Como esta carta decía, elevose en el lugar solitario un pabellón que rodearon los ceibos y enredaderas de la selva, y al poco tiempo se formó un cerco espeso de flores y follajes.

Después, los céspedes se unieron a los ceibos que retoñaban, las enredaderas y lianas hiciéronse trenzas largas y ondulantes y se asieron a las cruces con todo el vigor de brazos que se crispan ansiosos de apoyo.

Las cruces llegaron a desaparecer poco a poco en un boscaje que se alzó trepando en torno del cenador por dentro y fuera, y sólo quedó en el interior como un sendero tortuoso que terminaba allí donde estaban los símbolos funerarios.

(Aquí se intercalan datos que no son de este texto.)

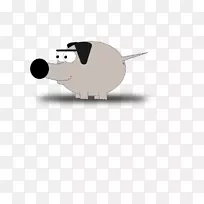 狗鼻子卡通剪辑艺术-狗-空若网 狗鼻子卡通剪辑艺术-狗-空若网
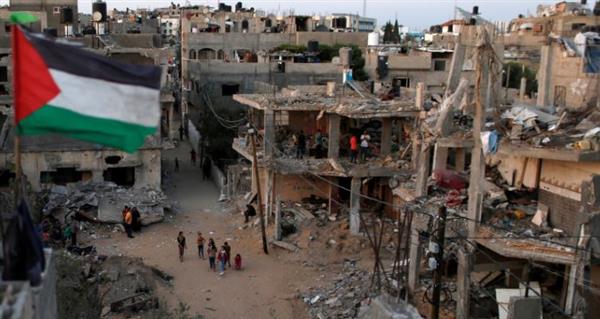 ارتقاء 15 شهيد بسبب غارة إسرائيلية على مصلى بمخيم «الشاطىء» غرب غزة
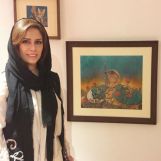 Tooma Art Group - Exhibition at Iranian Artists Forum in Tehran - 2017 April-May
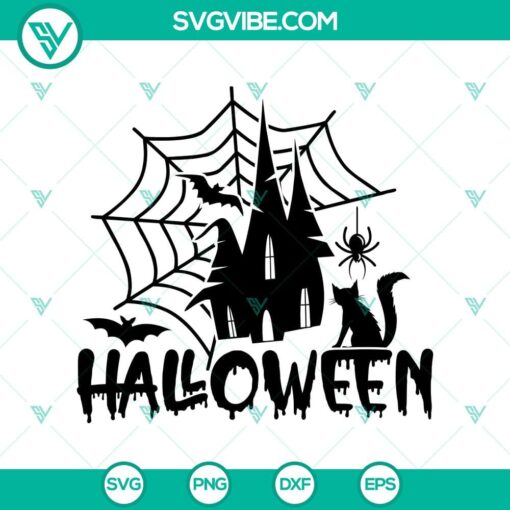 halloween cat svg halloween svg scary svg oct 31 svg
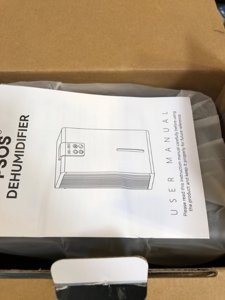 Dehumidifier, Dehumidifiers for Basement photo 3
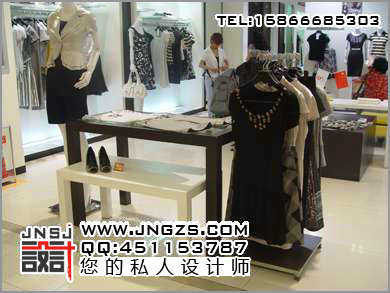 服装展架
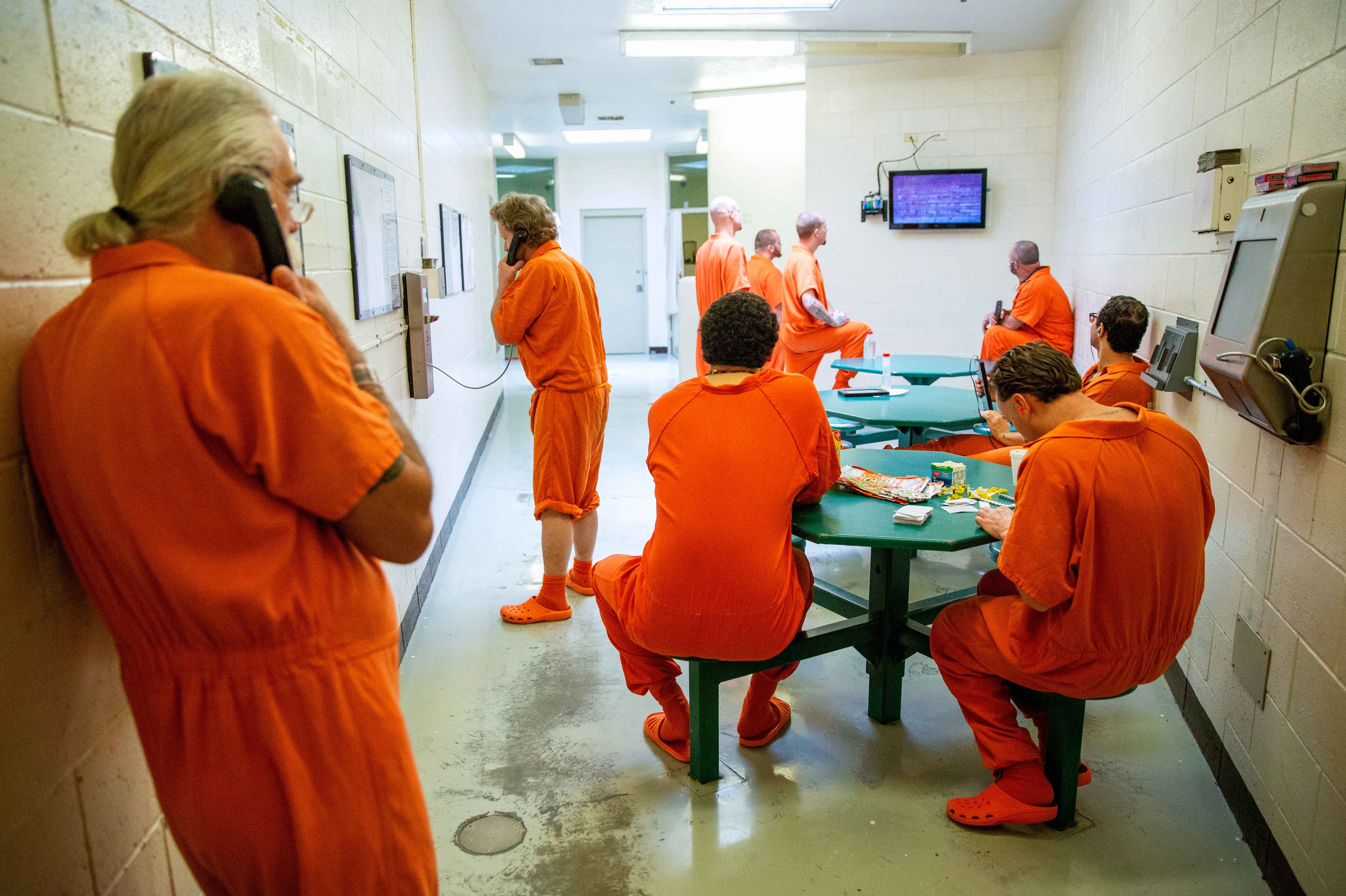 Inmate Riot In Kansas Prison Leads To Facility Damage Positive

Las avispas y las abejas salvajes zumbaban en los días ardientes bajo la bóveda y elaboraban su miel en la espesura de mburucuyáes y «camambués».

Cuenta una tradición del pago que en aquel búcaro enorme, ornado siempre de frescas frondas, guías y festones y a la vez que criadero exuberante de selváticas aromas, venían los pájaros en nutridas bandas a fabricar sus nidos, oyéndose al cuajar la aurora y al morir la tarde un himno eterno de complicados silbos y arrullos; y añade la tradición también, que a esas horas, unas veces entre luces y otras entre sombras, veíase entrar y salir del cenador a una mujer taciturna, rígida y fría que no por esto dejaba de sonreír a los vivos, pero que sólo parecía hablar con los muertos.